The purpose of this guide is to convey some of the things I have learned about training networks over the years. However, it is important to remember that there are no absolutes. What may be an appropriate parameter choice for most networks could be terribly wrong for your network. I have found many of the traditional rules of thumb, like using very small initial weights, to depend on certain assumptions that are not always valid. You may find the same to be true of my suggestions.
Lens includes four main weight update algorithms: steepest descent, momentum descent, Doug's momentum, and delta-bar-delta. Doug's momentum is probably the best overall method, which is why it is the default. The problem with steepest and momentum descent is that they are too aggressive at the outset of training and one must use a special initial learning rate and momentum to prevent outrageous weight changes. The reason is as follows.
The philosophy behind the backpropagation algorithm is that a small step should be taken in weight space in the direction of steepest error gradient. That is, if one were reverse hill-climbing, one would take a step down the steepest part of the slope. But, in practice, the steepest descent algorithm doesn't just take a step in the direction of steepest descent, it takes a step whose horizontal distance is proportional to the slope. It is as if, when the mountain is steeper, you reach your leg out even farther. This doesn't really make sense.
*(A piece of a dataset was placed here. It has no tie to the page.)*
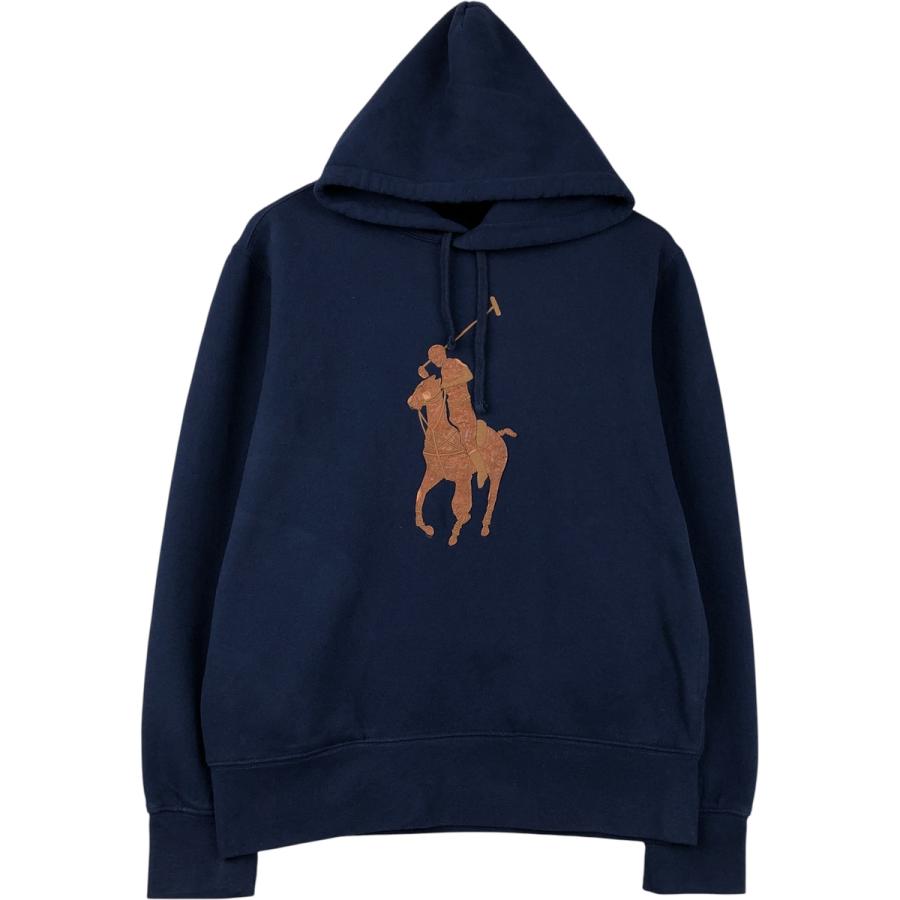 古着 ラルフローレン Ralph Lauren POLO RALPH LAUREN ビッグポニー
If the mountain is steeper, a constant-size step will already take us farther downhill. To be safe, we might even want to take smaller steps when the gradient is steep.
This results in particular problems early in training. A randomized network usually has a huge error and a very steep gradient. Taking a step whose size is proportion to that gradient, unless it is scaled by a very small learning rate, will take you over the valley and probably the next ten mountains as well. This is even worse when momentum is used because the momentum from those huge first steps is hard to counteract. Therefore, when training with steepest or momentum descent, it is often necessary to start with a small learning rate and no momentum, and then increase these parameters once learning stabilizes.
The Doug's momentum method makes a simple change that helps alleviate these problems. Rather than having a weight step whose length is proportional to the product of the gradient and the learning rate, the length of the gradient is factored out. As long as the length of the gradient is greater than 1, the size of the weight step (prior to momentum) will just be equal to the learning rate. If the gradient is less than 1, which usually only occurs once the network is nearing a minimum, the size of the step is scaled by the gradient, as in normal momentum descent. Otherwise the network will never settle into a minimum and will perpetually bounce around.
Because Doug's momentum bounds the weight step, there is no need to use a special learning rate or momentum early on. However, you may still need to gradually reduce the learning rate as training goes on.
The delta-bar-delta algorithm maintains an individual learning rate for each link. As long as the link weight keeps heading in the same direction from one change to the next, its rate increases. If the direction of the weight change flips, the learning rate is cut back. Delta-bar-delta can be very effective in problems with smooth error surfaces. However, if you are not using batch learning or you are trying to solve a complex problem, delta-bar-delta can be quite bad as the weight changes are constantly switching directions.
When using DBD, I generally find a rate increment of 0.1 and a decrement of 0.9 to be pretty good. The main learning rate, which scales the links' values, should be set to the high end for the type of error measure you have (0.1-1.0 for squared error, 0.001 for cross-entropy or divergence). Again, train for the first little bit with no momentum and then turn it up to 0.9-0.95.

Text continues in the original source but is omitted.